■ How to complete this task
In the records below, find the line with "Columbia Mens 42x30" and repeat exactly every line from it through the line with "Waves Ocean Sea". Pictures stay out.

■ Entries provided
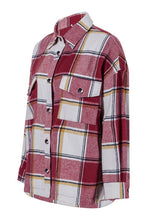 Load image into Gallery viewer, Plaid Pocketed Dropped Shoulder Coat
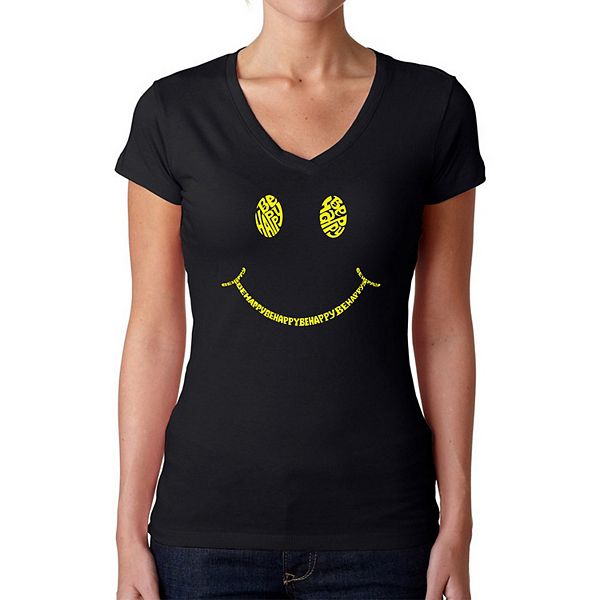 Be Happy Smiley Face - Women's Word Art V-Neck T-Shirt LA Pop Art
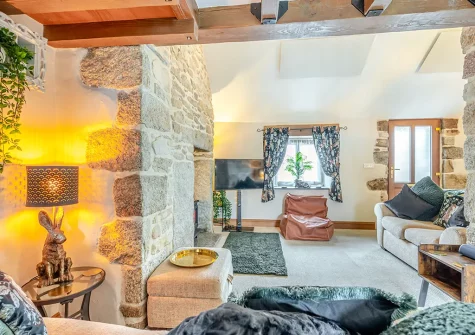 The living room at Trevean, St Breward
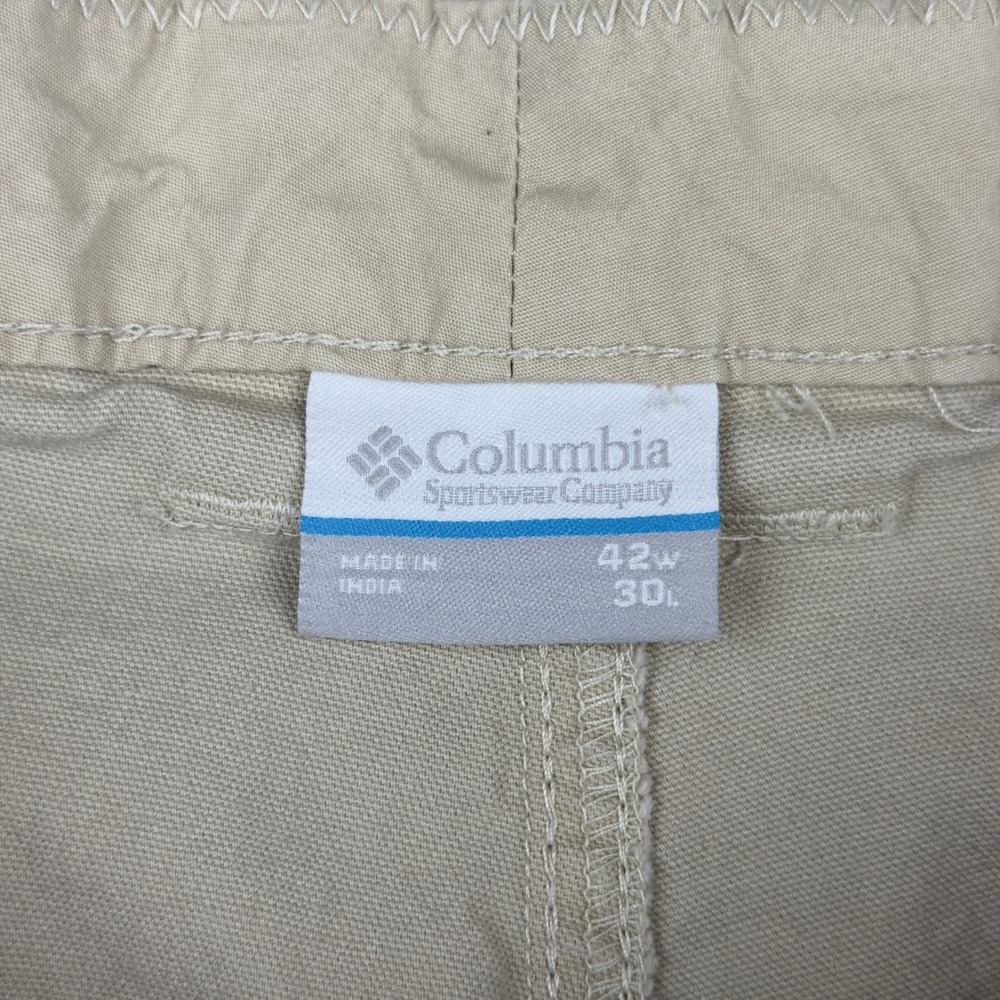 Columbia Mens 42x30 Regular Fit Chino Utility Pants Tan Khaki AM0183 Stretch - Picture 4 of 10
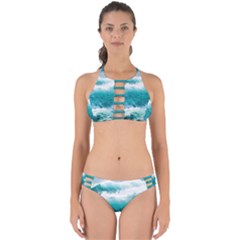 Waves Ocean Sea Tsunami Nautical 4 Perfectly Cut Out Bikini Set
--
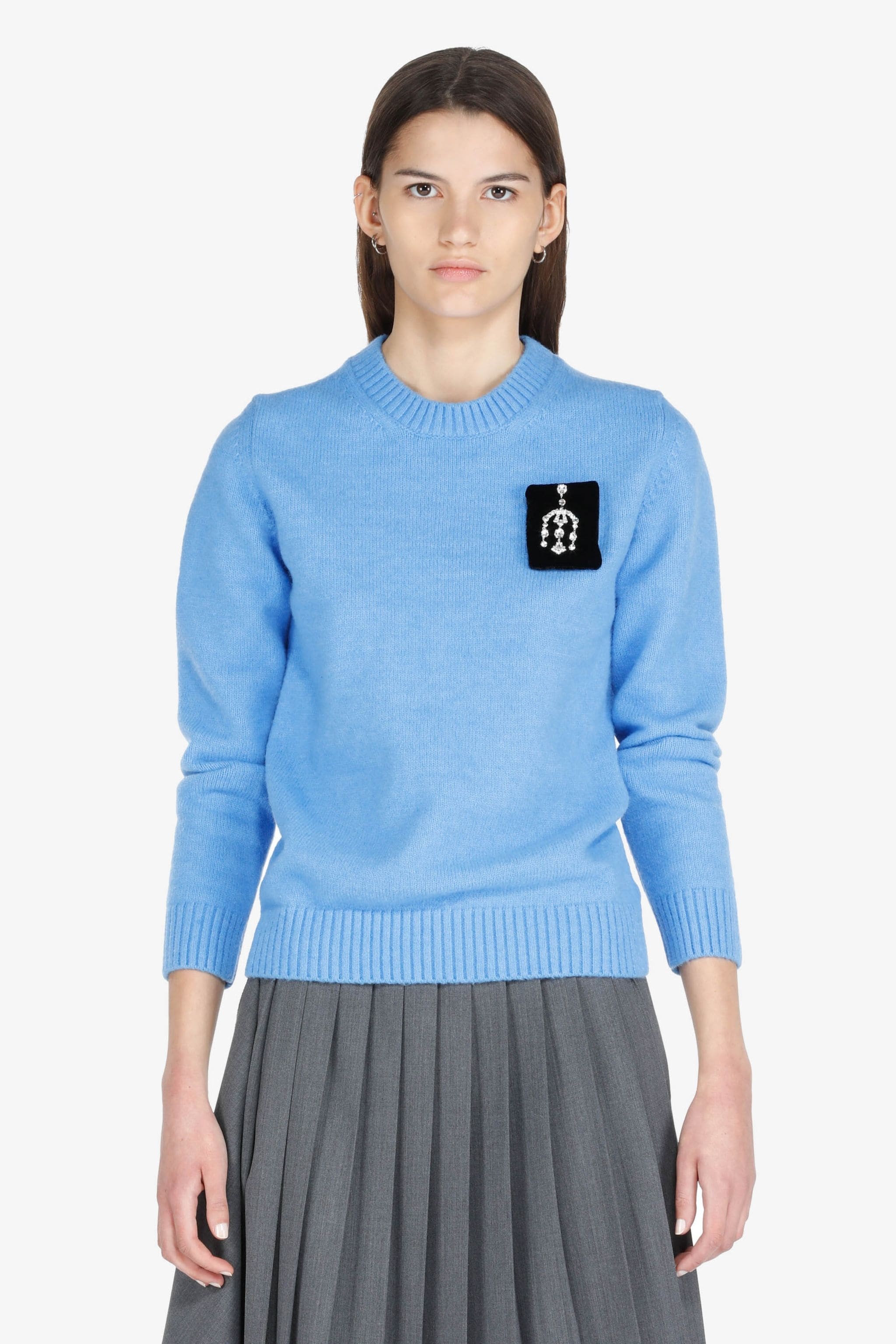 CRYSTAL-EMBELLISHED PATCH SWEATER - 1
--
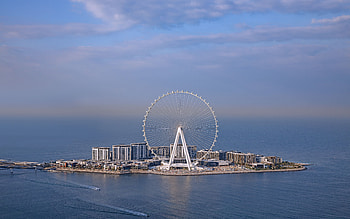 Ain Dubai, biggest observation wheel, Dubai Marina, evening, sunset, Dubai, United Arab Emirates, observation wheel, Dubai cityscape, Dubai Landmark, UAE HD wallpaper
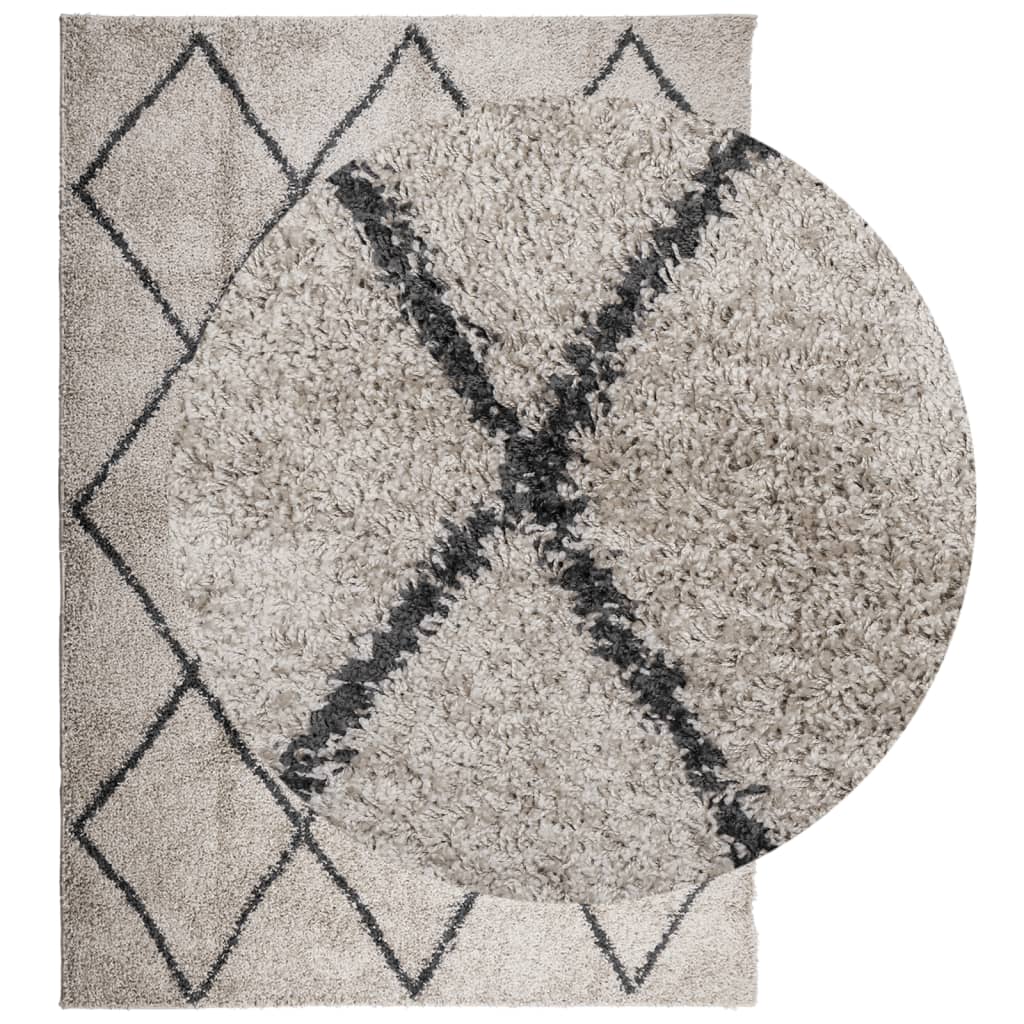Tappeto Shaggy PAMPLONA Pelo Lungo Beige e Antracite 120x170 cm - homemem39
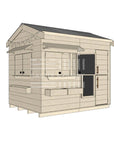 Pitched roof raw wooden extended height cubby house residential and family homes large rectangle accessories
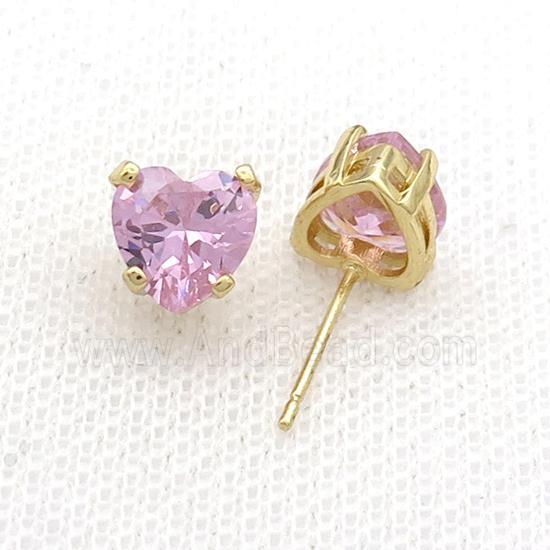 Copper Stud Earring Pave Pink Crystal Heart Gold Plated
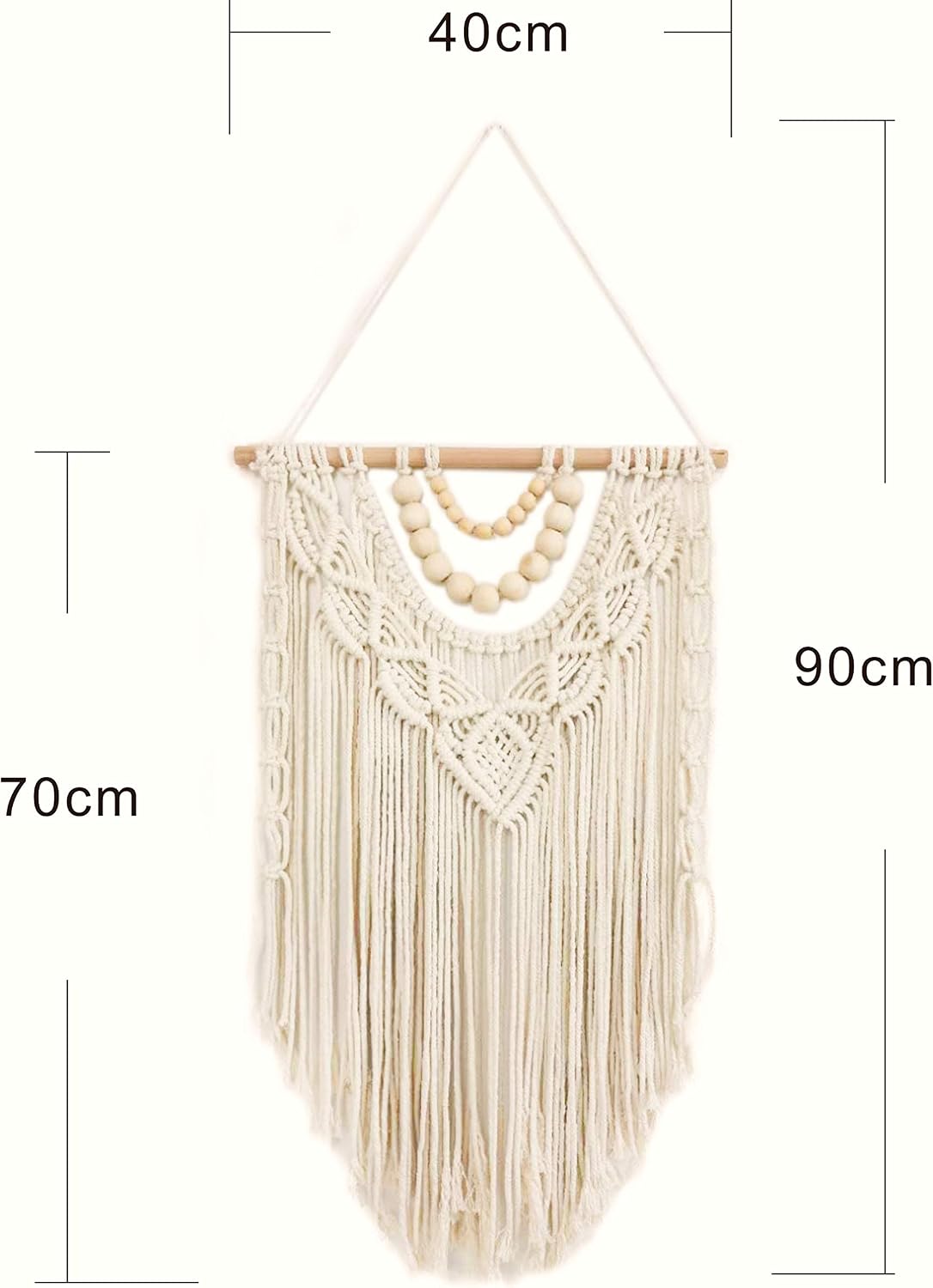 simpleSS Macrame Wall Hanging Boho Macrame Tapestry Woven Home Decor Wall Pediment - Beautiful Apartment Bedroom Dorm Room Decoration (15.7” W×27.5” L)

■ Output below
 Columbia Mens 42x30 Regular Fit Chino Utility Pants Tan Khaki AM0183 Stretch - Picture 4 of 10
 Waves Ocean Sea Tsunami Nautical 4 Perfectly Cut Out Bikini Set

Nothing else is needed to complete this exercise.